The LACMA installation centers around a teahouse-style construction similar to an installation Mizuno created on the ranch. Inspired by the traditional Japanese tea ceremony, Mizuno’s tea house looks almost as if it has grown out of the forest. His otherworldly installation combines the traditional teahouse shape and sense of ritual communion with the wild beauty and magic of the forest, incorporating tree trunks, manzanita shrubs, ceramic pieces and Japanese calligraphy. He created a space that simultaneously gives homage to the forest and creates a place for shared experience. As Mizuno says on his website, “I wanted to create a space that was conceptual in character but could be functionally used for the purposes of having and experiencing tea. When confined to the interior space, I felt it was important to feel as though you were in another dimension. A space isolated from reality where people could gather for the singular purpose of enjoying each other's company.”
Harmony, a new outdoor installation by American artist Mineo Mizuno (born 1944) is currently on view at the Los Angeles County Museum of Art (LACMA). Mizuno has spent the last few years living on Fort Mountain Ranch in the foothills of the Sierra Nevada Mountains, and his work has been informed by that ancient forest.
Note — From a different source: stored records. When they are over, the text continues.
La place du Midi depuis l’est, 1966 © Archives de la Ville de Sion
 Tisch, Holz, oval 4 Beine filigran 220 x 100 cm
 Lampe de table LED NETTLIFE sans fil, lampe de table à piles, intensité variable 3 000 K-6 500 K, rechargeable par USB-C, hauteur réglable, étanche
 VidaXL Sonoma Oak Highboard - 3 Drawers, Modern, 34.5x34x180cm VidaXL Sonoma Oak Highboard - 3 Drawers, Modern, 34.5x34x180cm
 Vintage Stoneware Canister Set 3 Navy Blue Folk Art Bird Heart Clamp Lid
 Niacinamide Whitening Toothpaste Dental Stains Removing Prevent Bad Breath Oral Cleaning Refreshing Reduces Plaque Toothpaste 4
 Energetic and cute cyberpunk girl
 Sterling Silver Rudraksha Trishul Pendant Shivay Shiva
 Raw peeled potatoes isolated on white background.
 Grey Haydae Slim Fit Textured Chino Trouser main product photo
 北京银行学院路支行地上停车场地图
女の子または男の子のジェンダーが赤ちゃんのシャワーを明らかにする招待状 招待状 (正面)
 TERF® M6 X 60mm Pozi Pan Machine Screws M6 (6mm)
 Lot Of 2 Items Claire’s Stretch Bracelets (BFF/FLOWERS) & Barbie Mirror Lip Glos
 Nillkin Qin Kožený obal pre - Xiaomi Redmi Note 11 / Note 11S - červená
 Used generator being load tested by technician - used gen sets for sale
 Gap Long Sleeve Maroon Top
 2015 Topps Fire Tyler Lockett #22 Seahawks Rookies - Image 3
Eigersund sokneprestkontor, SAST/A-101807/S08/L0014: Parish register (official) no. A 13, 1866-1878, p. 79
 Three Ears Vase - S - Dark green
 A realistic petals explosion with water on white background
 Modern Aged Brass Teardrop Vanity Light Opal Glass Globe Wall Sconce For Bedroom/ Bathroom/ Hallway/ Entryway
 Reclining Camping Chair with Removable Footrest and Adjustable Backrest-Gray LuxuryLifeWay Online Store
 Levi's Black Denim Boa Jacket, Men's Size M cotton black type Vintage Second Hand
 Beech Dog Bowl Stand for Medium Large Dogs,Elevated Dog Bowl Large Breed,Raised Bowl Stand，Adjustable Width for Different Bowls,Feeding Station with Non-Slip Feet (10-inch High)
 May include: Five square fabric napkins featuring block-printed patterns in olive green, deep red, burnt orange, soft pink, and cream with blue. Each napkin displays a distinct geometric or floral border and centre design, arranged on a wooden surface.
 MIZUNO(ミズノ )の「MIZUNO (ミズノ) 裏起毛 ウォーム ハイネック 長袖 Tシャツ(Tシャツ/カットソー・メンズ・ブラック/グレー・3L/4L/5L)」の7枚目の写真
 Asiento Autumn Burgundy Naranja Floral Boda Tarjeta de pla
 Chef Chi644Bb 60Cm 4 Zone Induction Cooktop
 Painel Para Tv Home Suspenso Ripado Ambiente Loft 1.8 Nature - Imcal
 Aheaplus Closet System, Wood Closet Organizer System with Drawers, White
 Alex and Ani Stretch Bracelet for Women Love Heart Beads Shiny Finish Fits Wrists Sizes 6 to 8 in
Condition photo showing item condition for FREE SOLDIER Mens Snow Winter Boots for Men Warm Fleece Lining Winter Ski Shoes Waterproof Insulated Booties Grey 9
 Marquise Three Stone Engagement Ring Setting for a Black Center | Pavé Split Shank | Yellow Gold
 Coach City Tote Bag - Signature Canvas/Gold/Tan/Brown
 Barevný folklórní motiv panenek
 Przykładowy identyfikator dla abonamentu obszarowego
Inspired by the work of forest ecologist Dr. Suzanne Simard, of the University of British Columbia's Department of Forest and Conservation Sciences in Vancouver, and German forester Peter Wohlleben, author of The Hidden Life of Trees: What they Feel, How they Communicate, Mizuno wanted to explore the communicative powers of wood, which seemed a natural progression from his long term exploration of the communicative powers of water.
Sculptural pieces surround the teahouse; ceramic water drops and tea bowls are embedded in tree trunks and scattered on the ground, painted with Japanese kanji such as yui (connect) and wa (harmony), which reflect Mizuno’s ongoing interest in communication and harmony. “The ceramic pieces are presented around the wood, and in some cases sculpted into the wood itself, serving as a means of communication between the viewer and the object,” he says.
Born in Japan, Mizuno has lived in California since 1964. He studied at the California Institute of the Arts and the Chouinard Art School in Los Angeles. Mizuno has had numerous solo exhibitions in Southern California and Japan, with a survey of his work organized by the Long Beach Museum of Art in 2005-06. His sculptures have been in notable group exhibitions throughout California, and he has received fellowships from the National Endowment for the Arts and the California Community Foundation. Mizuno’s work is included in the collections of many notable museums in the US and Japan. He currently resides in Northern California.
Mineo Mizuno: Harmony is on view at LACMA through November 11, 2019.